Rebound hypertension may occur with clonidine transdermal treatment, but it is observed much less frequently than after clonidine oral administration. Skin hypersensitivity (e.g., allergic dermatitis) in response to a clonidine patch occurs in up to 20% of patients, most commonly in white and female patients.
Methyldopa
Methyldopa6-8,10 is used mainly to treat hypertension in pregnant women. It is not teratogenic and has been shown to produce no fetal adverse effects in utero. Methyldopa treatment maintains uterine perfusion and does not hinder the maternal cardiac output or renal or uterine blood flow. As the α-methylated derivative of dopa (the natural precursor of dopamine and norepinephrine), methyldopa is a suitable alternative to clonidine for patients for whom rebound hypertension or intolerable adverse effects preclude the use of clonidine.

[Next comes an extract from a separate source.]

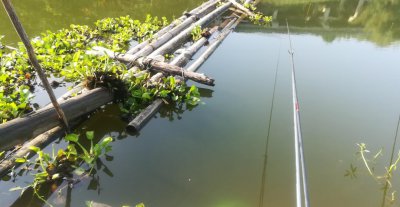 夏季夜钓鲫鱼最佳时间 立夏夜钓鲫鱼什么时间段合适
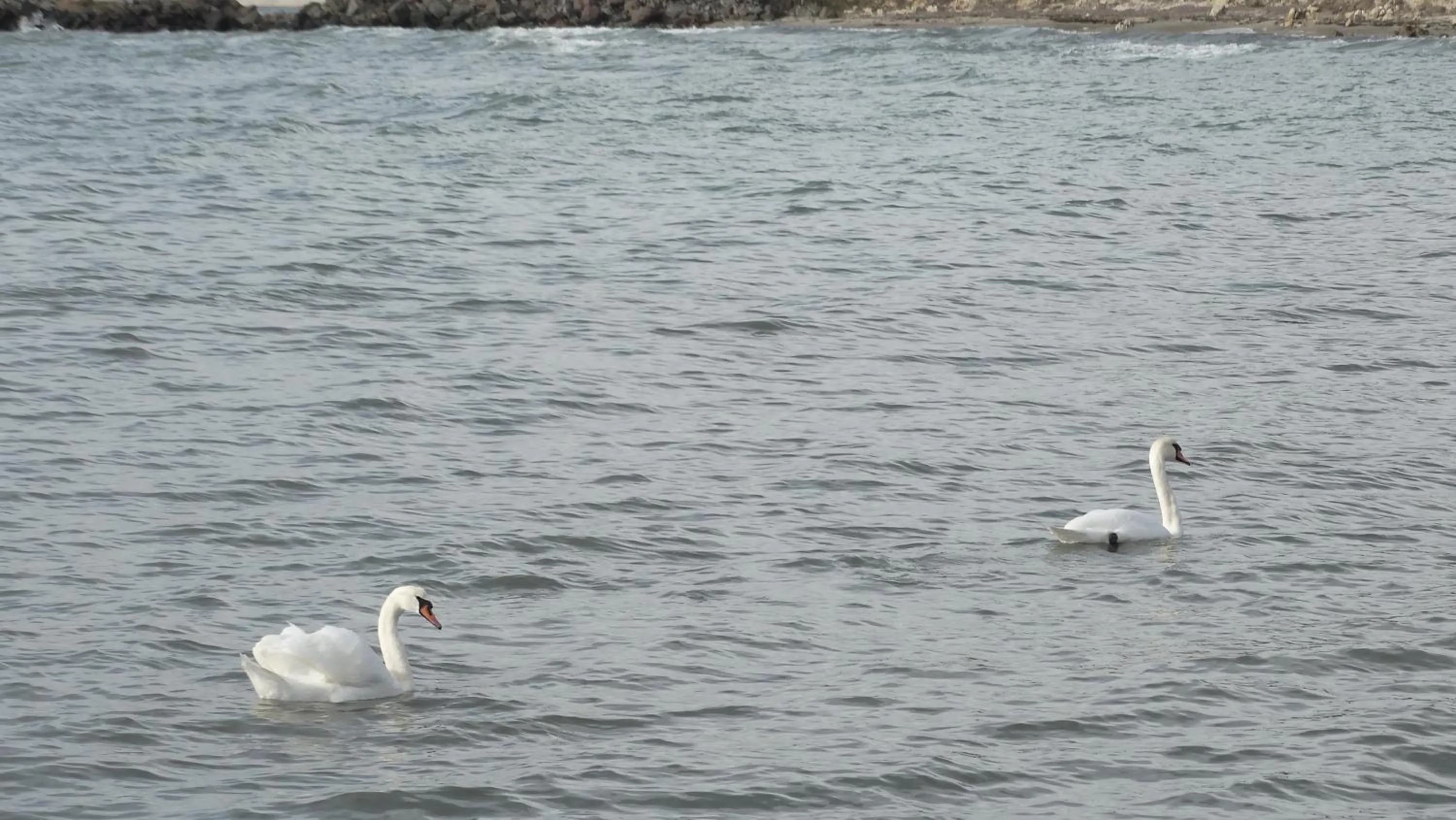 Akrotiria Beach Apart Complex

Methyldopa is often used for hypertensive emergencies. It is available as an intravenous formulation (as the parent drug ester) at the typical intravenous dose range (for α-methyldopa) 20 to 40 mg per kg per day in divided doses every 6 hours.
Antihypertensive Effect
A relatively slow onset of action is a feature of methyldopa treatment, and the BP-lowering effect starts approximately 2 to 3 hours after dosing (cf. clonidine’s onset at 0.5 to 1.0 hour). At approximately 5 hours after an oral dose of methyldopa, the patient’s BP reaches its lowest point, and the effect persists for up to 24 hours. The commonly used initial dose of methyldopa is 250 mg 2× per day, titrated up to 3.0 g at most. In patients with renal insufficiency, this methyldopa dose should be halved.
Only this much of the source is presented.